# Input:
__________

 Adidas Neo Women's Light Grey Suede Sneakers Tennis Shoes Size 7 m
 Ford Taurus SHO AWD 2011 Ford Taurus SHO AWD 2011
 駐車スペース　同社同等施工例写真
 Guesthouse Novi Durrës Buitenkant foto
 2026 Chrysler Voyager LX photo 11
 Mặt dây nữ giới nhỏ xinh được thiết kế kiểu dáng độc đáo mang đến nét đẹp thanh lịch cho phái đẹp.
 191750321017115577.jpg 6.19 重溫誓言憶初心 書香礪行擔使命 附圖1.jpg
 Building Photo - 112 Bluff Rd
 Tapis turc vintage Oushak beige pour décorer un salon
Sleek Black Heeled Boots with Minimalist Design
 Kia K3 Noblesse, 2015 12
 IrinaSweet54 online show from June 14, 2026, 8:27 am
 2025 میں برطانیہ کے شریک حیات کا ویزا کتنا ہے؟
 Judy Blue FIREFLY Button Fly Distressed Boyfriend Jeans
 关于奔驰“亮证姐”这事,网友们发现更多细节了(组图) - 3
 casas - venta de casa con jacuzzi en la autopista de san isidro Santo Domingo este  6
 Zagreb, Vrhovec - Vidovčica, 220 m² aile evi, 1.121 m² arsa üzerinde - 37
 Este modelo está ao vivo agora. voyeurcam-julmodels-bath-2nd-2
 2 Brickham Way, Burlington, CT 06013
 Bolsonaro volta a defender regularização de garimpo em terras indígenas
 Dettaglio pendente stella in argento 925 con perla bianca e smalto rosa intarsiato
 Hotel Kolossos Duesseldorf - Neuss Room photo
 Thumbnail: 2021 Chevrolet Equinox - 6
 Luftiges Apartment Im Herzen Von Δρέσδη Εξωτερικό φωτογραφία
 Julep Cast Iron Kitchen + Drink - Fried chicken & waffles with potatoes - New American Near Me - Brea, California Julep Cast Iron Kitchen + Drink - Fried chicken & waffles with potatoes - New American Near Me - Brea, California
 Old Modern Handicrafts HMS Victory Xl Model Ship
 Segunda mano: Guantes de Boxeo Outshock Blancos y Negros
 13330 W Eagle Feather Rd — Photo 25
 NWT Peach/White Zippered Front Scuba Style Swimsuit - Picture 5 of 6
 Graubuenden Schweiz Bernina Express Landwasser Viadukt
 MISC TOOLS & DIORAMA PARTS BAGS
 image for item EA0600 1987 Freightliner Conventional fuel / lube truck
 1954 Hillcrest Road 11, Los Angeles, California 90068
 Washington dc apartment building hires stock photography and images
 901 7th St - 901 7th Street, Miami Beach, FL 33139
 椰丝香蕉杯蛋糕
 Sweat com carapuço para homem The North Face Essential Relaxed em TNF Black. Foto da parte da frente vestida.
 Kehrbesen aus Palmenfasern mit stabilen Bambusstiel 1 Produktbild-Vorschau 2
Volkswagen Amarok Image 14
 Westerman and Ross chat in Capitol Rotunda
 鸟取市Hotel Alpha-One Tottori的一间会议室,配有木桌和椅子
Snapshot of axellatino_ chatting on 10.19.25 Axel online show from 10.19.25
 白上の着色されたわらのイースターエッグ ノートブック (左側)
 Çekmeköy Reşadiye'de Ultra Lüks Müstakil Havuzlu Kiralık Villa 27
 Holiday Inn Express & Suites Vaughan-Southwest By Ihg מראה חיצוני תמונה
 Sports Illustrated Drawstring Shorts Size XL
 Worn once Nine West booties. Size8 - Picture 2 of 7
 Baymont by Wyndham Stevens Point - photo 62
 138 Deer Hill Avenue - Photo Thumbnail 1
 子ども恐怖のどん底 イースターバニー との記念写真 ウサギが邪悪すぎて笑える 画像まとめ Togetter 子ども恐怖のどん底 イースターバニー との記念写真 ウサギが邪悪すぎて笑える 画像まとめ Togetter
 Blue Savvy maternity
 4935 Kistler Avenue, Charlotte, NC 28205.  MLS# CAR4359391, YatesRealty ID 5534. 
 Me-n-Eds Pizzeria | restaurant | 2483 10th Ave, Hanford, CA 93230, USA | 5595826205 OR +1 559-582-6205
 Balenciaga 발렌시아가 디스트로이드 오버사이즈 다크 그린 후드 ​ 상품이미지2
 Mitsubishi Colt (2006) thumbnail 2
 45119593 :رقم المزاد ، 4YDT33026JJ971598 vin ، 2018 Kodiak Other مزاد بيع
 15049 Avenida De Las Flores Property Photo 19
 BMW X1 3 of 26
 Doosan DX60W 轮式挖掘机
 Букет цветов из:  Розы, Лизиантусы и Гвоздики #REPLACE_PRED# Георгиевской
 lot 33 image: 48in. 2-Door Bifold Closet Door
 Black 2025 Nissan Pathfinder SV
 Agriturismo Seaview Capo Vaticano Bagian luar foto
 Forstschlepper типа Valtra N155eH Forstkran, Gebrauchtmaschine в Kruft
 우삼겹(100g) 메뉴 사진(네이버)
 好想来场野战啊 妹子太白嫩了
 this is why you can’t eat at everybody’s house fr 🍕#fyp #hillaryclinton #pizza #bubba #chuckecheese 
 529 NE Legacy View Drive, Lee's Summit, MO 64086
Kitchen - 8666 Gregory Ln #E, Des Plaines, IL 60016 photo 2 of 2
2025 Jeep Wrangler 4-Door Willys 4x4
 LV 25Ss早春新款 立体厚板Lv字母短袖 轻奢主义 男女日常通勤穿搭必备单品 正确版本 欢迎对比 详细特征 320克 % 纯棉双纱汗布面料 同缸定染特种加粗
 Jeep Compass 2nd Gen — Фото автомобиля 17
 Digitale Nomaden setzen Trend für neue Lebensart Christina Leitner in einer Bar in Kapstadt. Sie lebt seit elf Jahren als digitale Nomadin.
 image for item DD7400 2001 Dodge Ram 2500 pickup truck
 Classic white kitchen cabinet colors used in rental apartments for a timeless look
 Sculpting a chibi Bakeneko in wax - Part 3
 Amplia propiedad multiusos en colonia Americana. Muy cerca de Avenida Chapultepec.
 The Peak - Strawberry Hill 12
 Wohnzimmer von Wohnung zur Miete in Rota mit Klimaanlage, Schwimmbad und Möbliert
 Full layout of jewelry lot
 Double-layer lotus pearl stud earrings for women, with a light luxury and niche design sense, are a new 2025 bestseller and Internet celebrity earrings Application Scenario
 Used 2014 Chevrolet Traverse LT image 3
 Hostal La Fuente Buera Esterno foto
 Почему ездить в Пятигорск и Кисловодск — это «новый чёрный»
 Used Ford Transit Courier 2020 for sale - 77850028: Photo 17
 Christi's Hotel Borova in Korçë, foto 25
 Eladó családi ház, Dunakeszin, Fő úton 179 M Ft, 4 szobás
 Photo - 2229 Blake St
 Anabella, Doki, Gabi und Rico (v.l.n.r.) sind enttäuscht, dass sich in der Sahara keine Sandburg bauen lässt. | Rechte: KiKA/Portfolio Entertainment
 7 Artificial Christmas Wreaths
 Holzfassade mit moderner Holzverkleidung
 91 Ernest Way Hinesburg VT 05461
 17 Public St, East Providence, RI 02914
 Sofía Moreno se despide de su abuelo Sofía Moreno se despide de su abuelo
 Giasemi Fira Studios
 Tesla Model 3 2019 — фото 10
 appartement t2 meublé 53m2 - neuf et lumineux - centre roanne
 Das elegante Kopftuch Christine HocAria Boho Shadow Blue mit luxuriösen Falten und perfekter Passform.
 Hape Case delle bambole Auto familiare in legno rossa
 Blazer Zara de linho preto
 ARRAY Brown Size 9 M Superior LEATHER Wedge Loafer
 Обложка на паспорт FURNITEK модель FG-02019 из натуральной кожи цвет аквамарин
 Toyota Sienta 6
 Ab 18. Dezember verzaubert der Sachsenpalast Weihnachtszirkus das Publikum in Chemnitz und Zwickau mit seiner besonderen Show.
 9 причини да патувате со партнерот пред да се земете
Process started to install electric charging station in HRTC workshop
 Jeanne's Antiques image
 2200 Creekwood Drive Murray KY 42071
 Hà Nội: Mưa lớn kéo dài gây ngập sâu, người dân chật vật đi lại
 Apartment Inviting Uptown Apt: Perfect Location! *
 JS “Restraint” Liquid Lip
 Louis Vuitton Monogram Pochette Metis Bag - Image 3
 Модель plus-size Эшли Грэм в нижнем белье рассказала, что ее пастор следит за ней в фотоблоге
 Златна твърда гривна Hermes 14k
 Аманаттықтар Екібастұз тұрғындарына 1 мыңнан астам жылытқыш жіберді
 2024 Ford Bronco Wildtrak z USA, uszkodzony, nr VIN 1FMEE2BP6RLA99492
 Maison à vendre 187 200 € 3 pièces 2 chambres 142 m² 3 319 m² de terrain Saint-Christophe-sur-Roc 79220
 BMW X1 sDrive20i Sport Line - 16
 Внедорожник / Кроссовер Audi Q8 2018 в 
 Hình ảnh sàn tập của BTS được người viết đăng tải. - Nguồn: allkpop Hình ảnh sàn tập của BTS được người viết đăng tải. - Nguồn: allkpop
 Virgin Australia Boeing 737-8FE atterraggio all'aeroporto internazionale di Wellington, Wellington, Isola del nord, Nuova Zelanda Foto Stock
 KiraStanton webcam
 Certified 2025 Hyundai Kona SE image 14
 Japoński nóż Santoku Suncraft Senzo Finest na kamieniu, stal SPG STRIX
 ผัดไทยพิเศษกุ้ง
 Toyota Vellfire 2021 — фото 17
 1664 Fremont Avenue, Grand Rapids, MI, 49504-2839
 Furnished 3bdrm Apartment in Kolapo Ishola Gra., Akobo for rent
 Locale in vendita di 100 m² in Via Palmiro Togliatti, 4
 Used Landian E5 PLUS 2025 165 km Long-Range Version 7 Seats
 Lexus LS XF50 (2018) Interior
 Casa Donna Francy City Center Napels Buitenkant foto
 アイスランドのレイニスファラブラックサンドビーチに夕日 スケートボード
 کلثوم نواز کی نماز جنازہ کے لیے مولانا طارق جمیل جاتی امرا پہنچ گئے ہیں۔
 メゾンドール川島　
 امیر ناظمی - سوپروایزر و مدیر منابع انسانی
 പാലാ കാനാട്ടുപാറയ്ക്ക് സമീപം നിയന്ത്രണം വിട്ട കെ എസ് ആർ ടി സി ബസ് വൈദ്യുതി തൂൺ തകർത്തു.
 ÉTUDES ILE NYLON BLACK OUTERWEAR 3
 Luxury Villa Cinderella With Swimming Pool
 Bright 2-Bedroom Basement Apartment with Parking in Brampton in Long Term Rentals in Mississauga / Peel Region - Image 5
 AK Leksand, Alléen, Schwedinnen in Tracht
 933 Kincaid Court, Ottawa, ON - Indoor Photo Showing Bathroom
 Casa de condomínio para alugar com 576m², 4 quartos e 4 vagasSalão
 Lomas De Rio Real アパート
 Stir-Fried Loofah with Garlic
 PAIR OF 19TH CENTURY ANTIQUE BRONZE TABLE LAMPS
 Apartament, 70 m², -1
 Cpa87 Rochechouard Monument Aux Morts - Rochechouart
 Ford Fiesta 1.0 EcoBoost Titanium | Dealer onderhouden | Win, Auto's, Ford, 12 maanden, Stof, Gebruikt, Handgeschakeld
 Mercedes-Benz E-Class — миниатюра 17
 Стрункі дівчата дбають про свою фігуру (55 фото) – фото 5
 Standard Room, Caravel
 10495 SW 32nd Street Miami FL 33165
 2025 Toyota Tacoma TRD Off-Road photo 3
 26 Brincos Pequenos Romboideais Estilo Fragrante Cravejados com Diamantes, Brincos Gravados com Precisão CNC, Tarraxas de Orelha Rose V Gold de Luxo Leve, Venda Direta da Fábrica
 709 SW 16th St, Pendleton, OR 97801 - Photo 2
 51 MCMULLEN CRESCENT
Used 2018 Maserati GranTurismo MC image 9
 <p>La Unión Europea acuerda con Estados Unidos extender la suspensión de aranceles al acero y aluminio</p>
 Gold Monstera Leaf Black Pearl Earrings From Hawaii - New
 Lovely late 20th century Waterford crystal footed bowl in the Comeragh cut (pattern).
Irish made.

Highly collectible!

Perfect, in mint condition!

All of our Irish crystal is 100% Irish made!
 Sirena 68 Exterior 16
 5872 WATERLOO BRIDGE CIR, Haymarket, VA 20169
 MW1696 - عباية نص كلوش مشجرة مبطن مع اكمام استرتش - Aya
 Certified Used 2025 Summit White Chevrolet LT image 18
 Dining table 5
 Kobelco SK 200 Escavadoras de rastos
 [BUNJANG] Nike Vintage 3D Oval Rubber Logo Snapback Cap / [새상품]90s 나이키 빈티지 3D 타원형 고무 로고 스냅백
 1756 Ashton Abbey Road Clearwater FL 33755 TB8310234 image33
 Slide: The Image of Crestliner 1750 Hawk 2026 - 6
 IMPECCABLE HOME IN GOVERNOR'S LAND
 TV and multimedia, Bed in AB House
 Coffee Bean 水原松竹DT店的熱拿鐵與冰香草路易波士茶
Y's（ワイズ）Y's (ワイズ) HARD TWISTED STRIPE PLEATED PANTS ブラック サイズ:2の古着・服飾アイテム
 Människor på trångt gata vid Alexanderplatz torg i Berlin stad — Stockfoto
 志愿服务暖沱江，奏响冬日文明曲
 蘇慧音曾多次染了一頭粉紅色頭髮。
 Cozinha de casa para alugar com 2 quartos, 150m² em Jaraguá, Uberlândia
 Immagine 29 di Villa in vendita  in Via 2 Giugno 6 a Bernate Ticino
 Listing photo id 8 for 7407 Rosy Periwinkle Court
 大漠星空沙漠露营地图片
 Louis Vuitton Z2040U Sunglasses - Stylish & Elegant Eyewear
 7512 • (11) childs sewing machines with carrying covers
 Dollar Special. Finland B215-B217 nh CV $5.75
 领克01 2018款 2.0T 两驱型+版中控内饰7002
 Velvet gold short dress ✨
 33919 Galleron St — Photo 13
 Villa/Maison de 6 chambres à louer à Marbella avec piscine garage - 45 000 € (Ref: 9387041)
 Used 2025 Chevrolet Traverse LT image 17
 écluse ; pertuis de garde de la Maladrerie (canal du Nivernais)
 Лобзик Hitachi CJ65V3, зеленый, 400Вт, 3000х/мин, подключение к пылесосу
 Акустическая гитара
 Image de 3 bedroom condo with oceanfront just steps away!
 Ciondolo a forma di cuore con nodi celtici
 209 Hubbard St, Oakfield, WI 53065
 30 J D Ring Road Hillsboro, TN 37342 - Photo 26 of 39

__________

# Work to be completed:
Your answer must be the lines above from the one containing "casas - venta" to the one containing "13330 W Eagle Feather Rd — Photo 25", both included, restated word for word.

# Answer to the exercise:
 casas - venta de casa con jacuzzi en la autopista de san isidro Santo Domingo este  6
 Zagreb, Vrhovec - Vidovčica, 220 m² aile evi, 1.121 m² arsa üzerinde - 37
 Este modelo está ao vivo agora. voyeurcam-julmodels-bath-2nd-2
 2 Brickham Way, Burlington, CT 06013
 Bolsonaro volta a defender regularização de garimpo em terras indígenas
 Dettaglio pendente stella in argento 925 con perla bianca e smalto rosa intarsiato
 Hotel Kolossos Duesseldorf - Neuss Room photo
 Thumbnail: 2021 Chevrolet Equinox - 6
 Luftiges Apartment Im Herzen Von Δρέσδη Εξωτερικό φωτογραφία
 Julep Cast Iron Kitchen + Drink - Fried chicken & waffles with potatoes - New American Near Me - Brea, California Julep Cast Iron Kitchen + Drink - Fried chicken & waffles with potatoes - New American Near Me - Brea, California
 Old Modern Handicrafts HMS Victory Xl Model Ship
 Segunda mano: Guantes de Boxeo Outshock Blancos y Negros
 13330 W Eagle Feather Rd — Photo 25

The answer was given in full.